Infatuation, jealousy, heartbreak, trauma, addiction: when love becomes mental illness

“The merest spark of sexual attraction can cause a fire that has the potential to consume us”.

By Jane Shilling

“It still strikes me as strange that the case histories I write should read like short stories and that, as one might say, they lack the serious stamp of science,” wrote Sigmund Freud in Studies on Hysteria (1895). Latter-day clinicians and therapists tend to take a less dim view of the literary potential of case histories, finding a keen appetite among the reading public for accounts of the outlandish and tragic secrets of the consulting room. From the neurologists Oliver Sacks and Suzanne O’Sullivan and the neurosurgeon Henry Marsh, to the psychoanalysts Stephen Grosz, Adam Phillips and Susie Orbach, growing numbers of those involved in treating disorders of those enigmatic organs, the brain and mind, have turned to literature to report their discoveries.

The latest addition to the genre is a study of obsessive love by the clinical psychologist Frank Tallis. This is Tallis’s second exploration of the pathologies of love – in 2004 he published Lovesick, an account of romantic love as a form of mental illness.
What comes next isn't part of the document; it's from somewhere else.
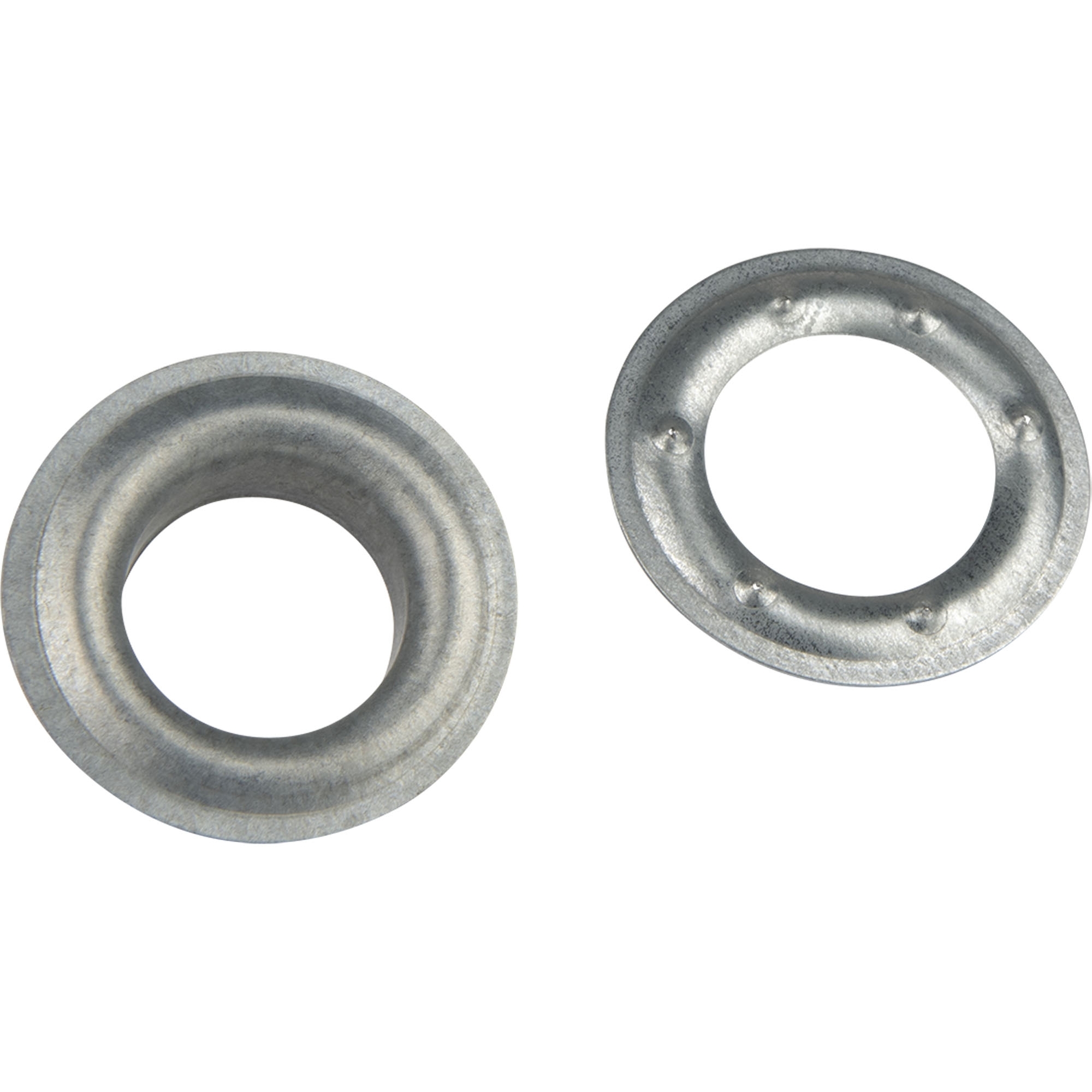 Rundöse, verzinkt, Innen-Ø 20 mm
In The Incurable Romantic, he returns to his theme:

It is my belief that the problems arising from love – infatuation, jealousy, heartbreak, trauma, inappropriate attachment and addiction… merit serious consideration and that the line which separates normal from abnormal love is frequently blurred… The merest spark of sexual attraction can cause a fire that has the potential to consume us.

The subjects of Tallis’s essays are an eclectic sample of the infinite ways in which passion can curdle into misery: a barristers’ clerk who developed a sudden infatuation with her dentist; a widow haunted by apparitions of her dead husband; a woman possessed by irrational jealousy; a serial seducer; a lovelorn swain; a psychotic evangelist; a narcissistic man who preferred sex with himself to the messy business of coupling; a night porter addicted to prostitutes; a paedophile at war with his own nature; and a couple with bizarrely synchronised personality disorders.
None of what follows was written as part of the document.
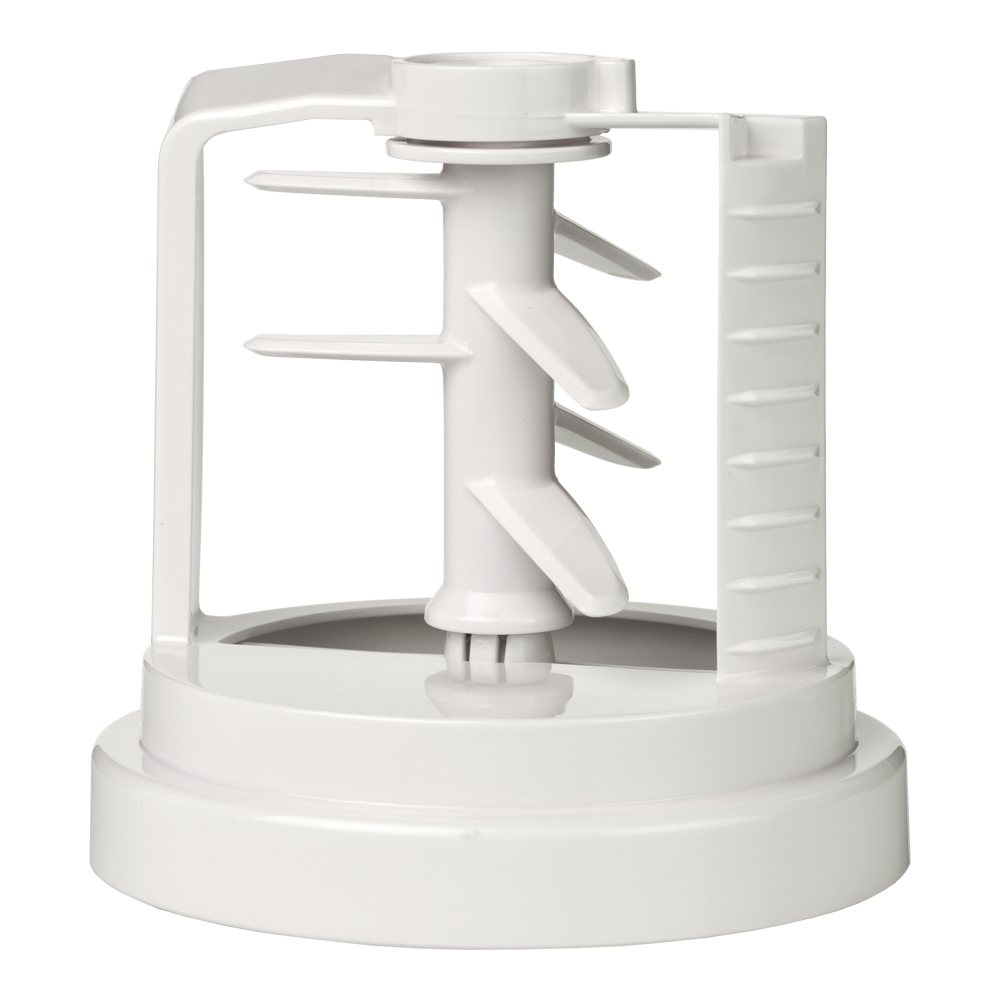 Style Iced Dessert Maker Glassmaskin 1,5 L Grön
In each essay, Tallis broadens his analysis of an individual case study to reflect on the scientific background of the aberrant behaviour, and its relationship with the more acceptable manifestations of romantic love. His chapter on Megan, the barristers’ clerk gripped by an entirely unrequited passion for her dentist, includes an account of de Clérambault’s syndrome – a disorder described in 1921 by the French psychiatrist Gaétan de Clérambault, and used by Ian McEwan as a key element in the plot of his 1997 novel Enduring Love. Tallis concludes that Megan’s affliction, which so disturbed the unfortunate dentist and his family that they eventually moved to Dubai to escape her, was “quantitative rather than qualitative… Her delusional thinking was, in a sense, normal, because romantic love is often very irrational.”

Elsewhere, his account of a woman tormented by obsessive jealousy is the starting point for an analysis of self-defeating behaviour patterns, while the bereaved widow’s hallucinations trigger musings on the changing role of sex in long-
term relationships.

Tallis gives thumbnail sketches of his subjects: Megan is “dowdy”; Anita, the jealous girlfriend, is “a tall, leggy blonde with eyes an astonishing shade of violet”; Mark, the narcissist, is “a fastidious gay man in his early forties”. Such brief character outlines are a commonplace of clinical practice but the effect here (perhaps intensified by the necessity to disguise the identities of Tallis’s clients) is disconcerting – as though we are reading not about real people, but constellations of symptoms given a top-dressing of humanity.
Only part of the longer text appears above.